**Recorded information**
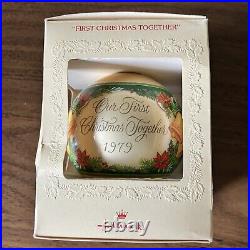 Hallmark 1979 Our First Christmas Together Glass Ball Ornament Free Shipping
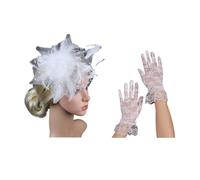 Elegante tocado de velo de encaje y guantes de encaje para la muñeca, decoración del cabello para bodas, fiestas de té vintage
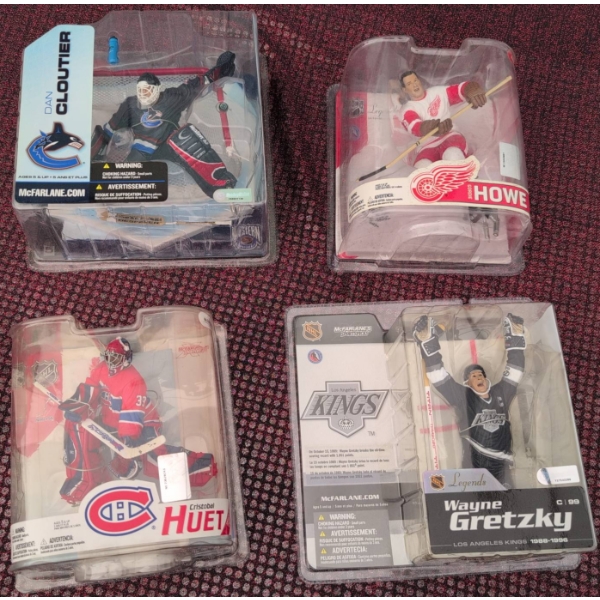 McFarlane NHL Legends & Players Figure Lot - Gretzky, Howe, Huet, Cloutier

**What you need to do**
An exact repeat of all the data is required, pictures excluded.

**Solved problem**
 Hallmark 1979 Our First Christmas Together Glass Ball Ornament Free Shipping
 Elegante tocado de velo de encaje y guantes de encaje para la muñeca, decoración del cabello para bodas, fiestas de té vintage
 McFarlane NHL Legends & Players Figure Lot - Gretzky, Howe, Huet, Cloutier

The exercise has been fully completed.